Project Summary/Abstract Over the last decade, it has become increasingly clear that a more complete understanding of human diseases requires viewing them in the context of systems biology, in particular through a comprehensive understanding of a network of molecular interactions that occur in a cell. Numerous successful applications (e.g. for disease gene prioritization) build on the fact that the local and global structures of molecular networks, mostly based on protein- protein interactions (PPIs), provide critical biological information. With the release of several large-scale systematic PPI datasets since our group produced the first proteome-scale map of the human binary interactome in 2005, integration of genetic and clinical data with interactome information has become possible and provides meaningful and critical insights towards a deeper pathophysiological understanding of diseases and the potential to revolutionize precision medicine. However, we have not reached a comprehensive map of the PPI network in any model system or in humans yet, and thus clinical applications would greatly benefit from deeper and wider explorations of the human interactome. High-throughput approaches have been developed to determine PPIs on a global scale for many organisms, but these assays remain intrinsically limited and labor intensive. A major bottleneck in screening is determining the identities of binary interacting partners. This OPTIMA project aims to eliminate that bottleneck and fill the gap in current networks by developing a novel disruptive technology for high-performance interactomics allowing en masse screening of PPIs to provide comprehensive binary PPI maps. This innovative system will result from the integration of two recently validated technologies, on the one hand the bioluminescent detection of PPIs based on complementation of a split-Nanoluc reporter and, on the other hand, one of the most sensitive optogenetically programmed promoters driving DNA barcode fusion. By leveraging en masse binary PPI detection, this new binary interaction detection strategy will dramatically enhance the overall coverage of proteome-scale interactome maps. This new high-throughput pipeline will be orthogonal to existing proteome-scale binary interaction mapping platforms, such as yeast two-hybrid followed by validation, and thus able to significantly enhance the available tools to expand existing interactomes.
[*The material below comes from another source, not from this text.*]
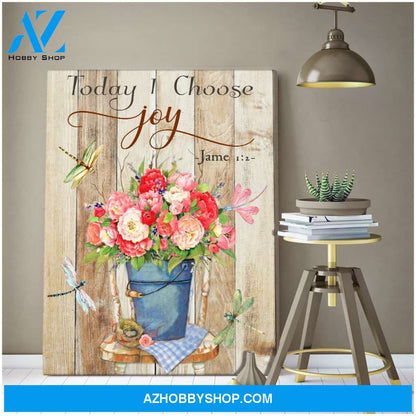 Eviral Store Today I Choose Joy Dragonfly Canvas Wall Art Decor – Dreagonfly Canvas Print Wall Art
项目摘要/摘要 在过去的十年中，越来越清楚的是，对人类疾病的了解更加完整 需要在系统生物学的背景下查看它们，特别是通过对 细胞中发生的分子相互作用网络。许多成功的应用（例如疾病基因 优先考虑）建立在以下事实的基础上，即分子网络的局部和全球结构，主要基于蛋白质 蛋白质相互作用（PPI）提供关键的生物学信息。随着几个大规模的发布 系统的PPI数据集自我们的小组生产了人类二进制Interactome的第一张蛋白质组规模图 2005年，遗传和临床数据与交互信息的整合变得可能成为可能，并提供 对疾病和潜力更深入的病理生理理解的有意义和批判性见解 彻底改变精度医学。但是，我们尚未达到PPI网络的全面地图 任何模型系统或人类中的任何模型系统，因此临床应用将大大受益于更深和更广泛的 人类互动的探索。 已经开发了高通量方法来确定许多生物的全球范围PPI，但 这些测定在本质上仍然有限和劳动密集型。筛查中的主要瓶颈是确定 二进制互动伙伴的身份。这个Optima项目旨在消除该瓶颈并填补空白 当前网络通过为高性能相互作用的新型破坏性技术开发允许EN的新型破坏性技术 MASSE筛选PPI以提供全面的二进制PPI地图。这个创新的系统将由 一方面，两种最近验证的技术的集成了基于PPI的生物发光检测 在互补的纳入报告者的互补时，另一方面是最敏感的光遗传学之一 驱动DNA条形码融合的程序启动子。通过利用共同的二进制PPI检测，这个新的 二元相互作用检测策略将显着增强蛋白质组规模的整体覆盖率 Interactome图。这条新的高通量管道将与现有的蛋白质组尺度二进制 相互作用映射平台，例如酵母两杂种，然后进行验证，因此能够显着 增强可用工具以扩展现有的相互作用。